BHA Design and city staff presented conceptual plans, outreach findings and preliminary cost ranges on Aug. 12 for a Third Street beautification project that focuses on the corridor between Clark and Sheridan. The project emphasizes small‑scale interventions between curb and building face: gateway elements, parking screening, plantings, street furnishings, and coordination with a selected public art team.
Doug Elgar of BHA Design described outreach in April and May and said the design team met stakeholders including the Montana Street stakeholders — (sic) Laramie Main Street Alliance, YDOT, and business owners — and held two well‑attended open houses. The plan seeks to balance the corridor’s role as a state highway and as the city’s downtown main street. Key concepts presented include replacing chain‑link fencing at the Montessori block with decorative screening and planting, planting and low walls to screen rental and service lots, a small community dining area at the Daylight Donuts corner, and gateway art installations at key corners.
Elgar presented a set of block‑level planning estimates for illustrative purposes: the Montessori block $330k–$400k, the Enterprise/under‑block area $160k–$200k, the Daylight Donuts corner $110k–$135k, the Travel Inn corner $200k–$245k, and core corner improvements at Third and Grand $160k–$200k.

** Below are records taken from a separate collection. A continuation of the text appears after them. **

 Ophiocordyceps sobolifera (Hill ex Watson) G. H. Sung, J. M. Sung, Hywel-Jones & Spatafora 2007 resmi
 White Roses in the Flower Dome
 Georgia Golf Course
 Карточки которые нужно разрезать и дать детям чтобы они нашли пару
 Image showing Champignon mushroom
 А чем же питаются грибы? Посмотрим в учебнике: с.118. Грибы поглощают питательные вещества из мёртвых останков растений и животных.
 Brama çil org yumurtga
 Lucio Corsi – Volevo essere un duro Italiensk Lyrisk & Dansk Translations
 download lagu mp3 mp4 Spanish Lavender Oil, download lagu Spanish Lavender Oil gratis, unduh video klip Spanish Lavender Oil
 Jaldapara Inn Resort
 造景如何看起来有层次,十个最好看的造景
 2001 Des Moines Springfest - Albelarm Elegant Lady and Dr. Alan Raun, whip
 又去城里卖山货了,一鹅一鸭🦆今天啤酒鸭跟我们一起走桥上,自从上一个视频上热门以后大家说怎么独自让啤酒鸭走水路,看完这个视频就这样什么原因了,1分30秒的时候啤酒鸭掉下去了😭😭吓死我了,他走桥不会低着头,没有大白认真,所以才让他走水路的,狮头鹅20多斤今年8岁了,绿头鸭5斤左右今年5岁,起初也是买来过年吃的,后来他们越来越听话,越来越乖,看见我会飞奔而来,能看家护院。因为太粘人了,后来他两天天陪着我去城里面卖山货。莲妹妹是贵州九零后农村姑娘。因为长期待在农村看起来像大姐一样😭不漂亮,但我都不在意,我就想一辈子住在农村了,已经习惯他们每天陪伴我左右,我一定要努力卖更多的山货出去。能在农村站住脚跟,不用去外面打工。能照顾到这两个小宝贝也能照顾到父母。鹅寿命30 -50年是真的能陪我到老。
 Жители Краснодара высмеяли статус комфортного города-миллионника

He noted the current funding does not cover all ideas and that improvements of this kind often spur private property owners to follow with complementary upgrades.
Assistant City Manager Todd Feeser said staff is negotiating easements and exploring grants; he noted early interest from WyoTech and its welding program to fabricate metal elements and a potential private donation to support fabrication. Councilors asked about signalization, lighting and future corridor extensions; staff said signals would require traffic studies and substantial cost, and that the current scope is focused on the historic downtown eight‑block corridor. Councilors and staff said the work is intended to be community driven and phased to avoid repeated lane closures and business disruptions.
Public commenters and the beautification committee representatives expressed support. Staff said they will continue stakeholder outreach, pursue grant funding, finalize construction documents and, once funding and easements are in place, bring projects forward for implementation.